Probabilistic threshold k nearest neighbor queries over moving objects in symbolic indoor space

Bin Yang 0002, Hua Lu, Christian S. Jensen. Probabilistic threshold k nearest neighbor queries over moving objects in symbolic indoor space. In Ioana Manolescu, Stefano Spaccapietra, Jens Teubner, Masaru Kitsuregawa, Alain Léger, Felix Naumann, Anastasia Ailamaki, Fatma Özcan, editors, EDBT 2010, 13th International Conference on Extending Database Technology, Lausanne, Switzerland, March 22-26, 2010, Proceedings. Volume 426 of ACM International Conference Proceeding Series, pages 335-346, ACM, 2010. [doi]

Abstract

The availability of indoor positioning renders it possible to deploy location-based services in indoor spaces. Many such services will benefit from the efficient support for k nearest neighbor (kNN) queries over large populations of indoor moving objects. However, existing kNN techniques fall short in indoor spaces because these differ from Euclidean and spatial network spaces and because of the limited capabilities of indoor positioning technologies.
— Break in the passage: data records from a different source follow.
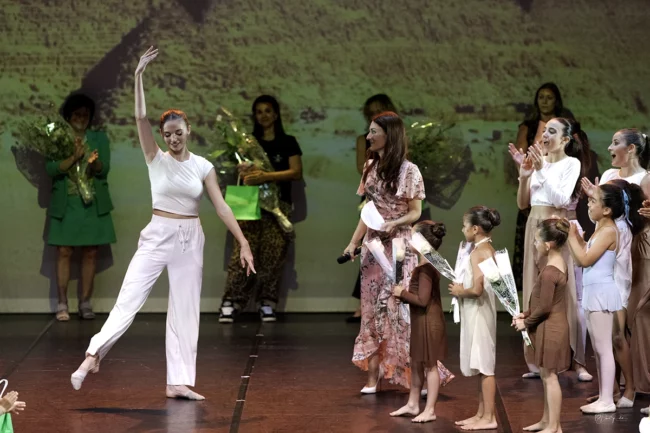 Lucille Polet qui incarne Cléopâtre avec une grande élégance et sur scène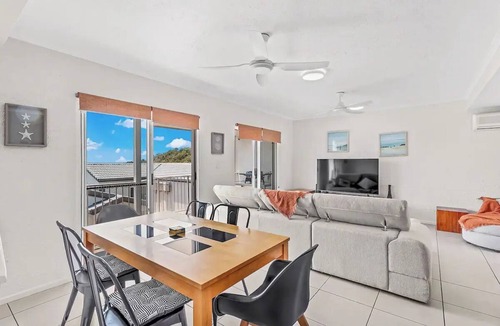 Cannonvale Apartment | Ocean Views Forever - Peace & Quiet up High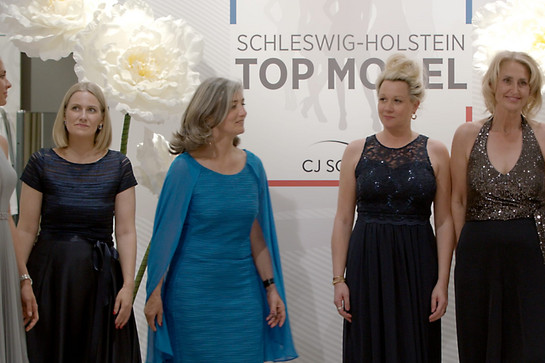 Vier Topmodels reihen sich auf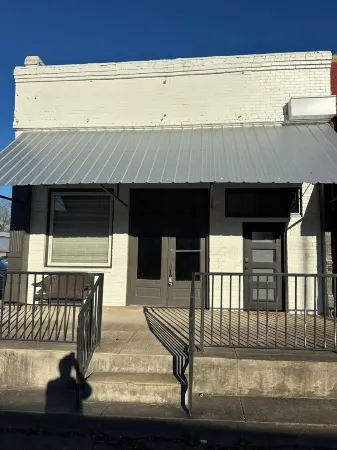 Livie’s LoftTrendy loft on Main Street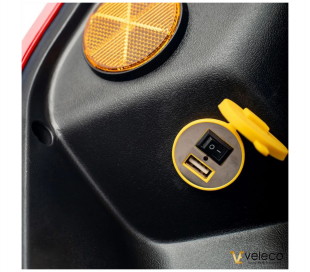 Veleco FASTER Elektromobil mit Kapitnssitz, Schwarz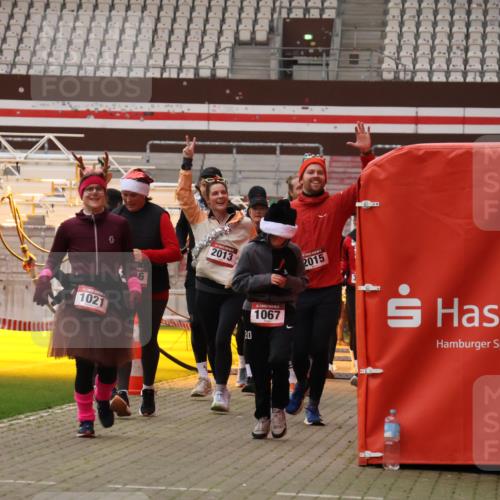 08.12.2024 - St. Pauli X-Mass-Run No. 14 Yannick Fuchs http://msf.ph/oto/7481507 08.12.2024 10:05:03 Ziel 24, 1021, 1067, 1189, 1355, 2013, 2015, 2042, 2043, 2836, 3077, 3313, 3315, 3317, 3318 meine-sportfotos.de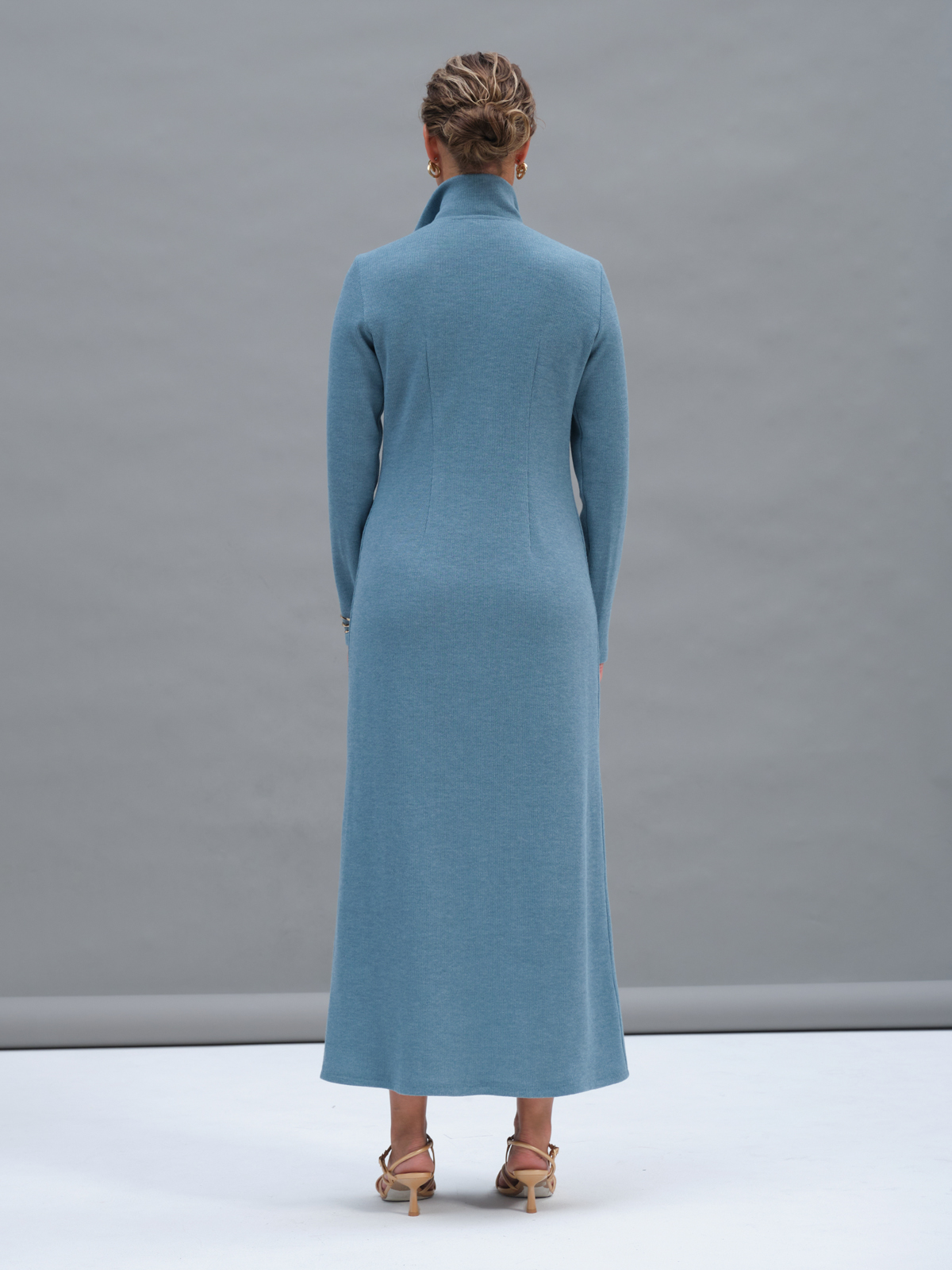 Голубое трикотажное платье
To contend with indoor settings, we propose the new concept of minimal indoor walking distance (MIWD) along with algorithms and data structures for distance computing and storage; and we differentiate the states of indoor moving objects based on a positioning device deployment graph, utilize these states in effective object indexing structures, and capture the uncertainty of object locations. On these foundations, we study the probabilistic threshold kNN (PTkNN) query. Given a query location q and a probability threshold T, this query returns all subsets of k objects that have probability larger than T of containing the kNN query result of q. We propose a combination of three techniques for processing this query. The first uses the MIWD metric to prune objects that are too far away. The second uses fast probability estimates to prune unqualified objects and candidate result subsets. The third uses efficient probability evaluation for computing the final result on the remaining candidate subsets. An empirical study using both synthetic and real data shows that the techniques are efficient.